The week kicks off with a bunch of business activity data from China on Monday, which could set a risk theme for the week ahead, impacting the valuations surrounding the safe-haven US Dollar.
Tuesday will feature the United States Retail Sales report, followed by the Industrial Production data and a few other minority releases. From the UK side, BoE policymaker Dave Ramsden is due to speak about quantitative tightening at the Money Macro and Finance Society in London.
The UK CPI data will stand out on Wednesday, which will likely have major implications on the BoE’s rate hike outlook, in turn, on the British Pound. Meanwhile, the US docket will see the release of the Housing Starts and Building Permits data.

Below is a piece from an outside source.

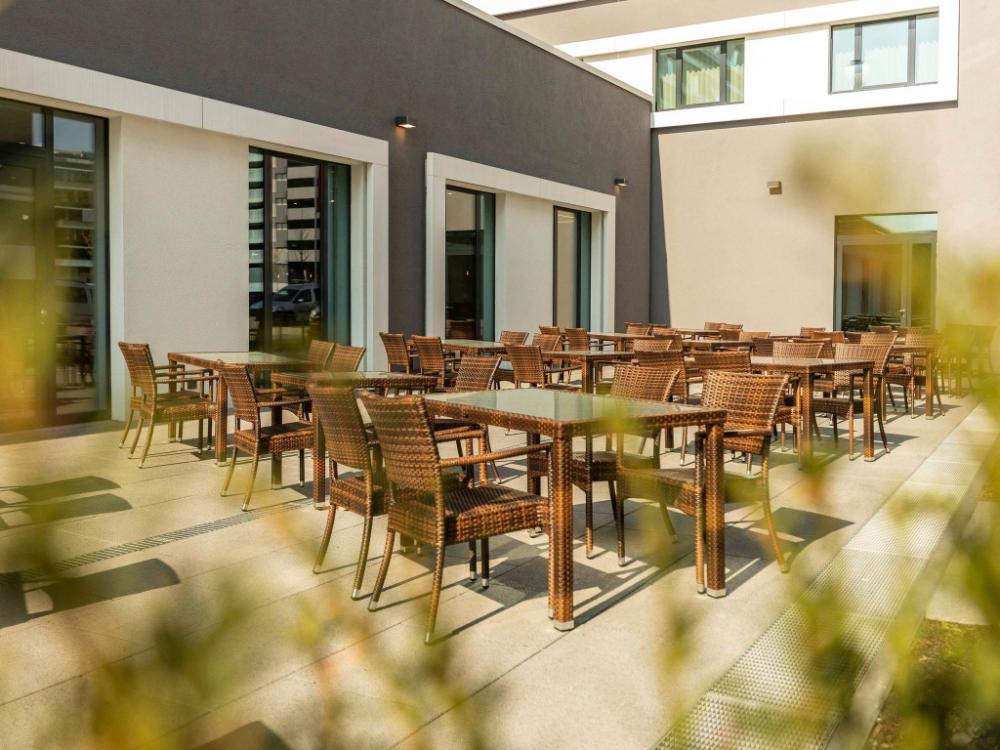 novotel duesseldorf airport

The BoE will publish its Quarterly Bulletin on Thursday, but it is unlikely to have any relevant market impact. It will be the usual weekly Jobless Claims from the US on Thursday, followed by the Existing Home Sales report.

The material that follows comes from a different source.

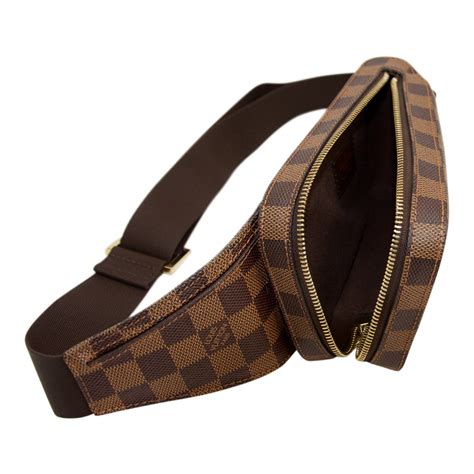 authentic Louis Vuitton waist bag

On the final trading day of the week, the UK Retail Sales data will likely make up for an empty US calendar.
GBP/USD: Technical outlook
GBP/USD confirmed a descending triangle breakout last Friday and, therefore, witnessed a major extension to the upside after the technical breakout.
However, further upside appears elusive heading into a new week, as the 14-day Relative Strength Index (RSI) hovers within the overbought territory while Pound Sterling buyers face stiff resistance near the 1.3150 psychological level, near where the April 14 2022 high aligns.
If the pair manages to surpass the latter on a sustained basis, the next resistance at the March 23 high of 1.3298 will be tested. Ahead of that, the 1.3200 round figure could emerge as a tough nut to crack for GBP/USD optimists.
Alternatively, any retracement in the GBP/USD pair could meet initial demand at the critical 1.3000 resistance-turned-support, below which a deeper correction toward the 1.2850 region cannot be ruled out.
The last line of defense for Cable buyers is envisioned at the bullish 21-Daily Moving Average (DMA) at 1.2797.
GBP/USD sentiment poll
The FXStreet Forecast Poll shows GBP/USD moved way beyond market expectations, as the pair hovers around 1.3100 by the end of the week, far above the weekly low of 1.2749. Bears jump from 50% in the weekly view to 79% in the monthly perspective and stand at 70% in the quarterly view, with bulls then barely reaching 10%.
However, the Overview chart shows that the weekly and monthly moving average maintain their upward slopes, although strength fades in time. In the quarterly perspective, most bets accumulate in the 1.2500/1.3000 price zone.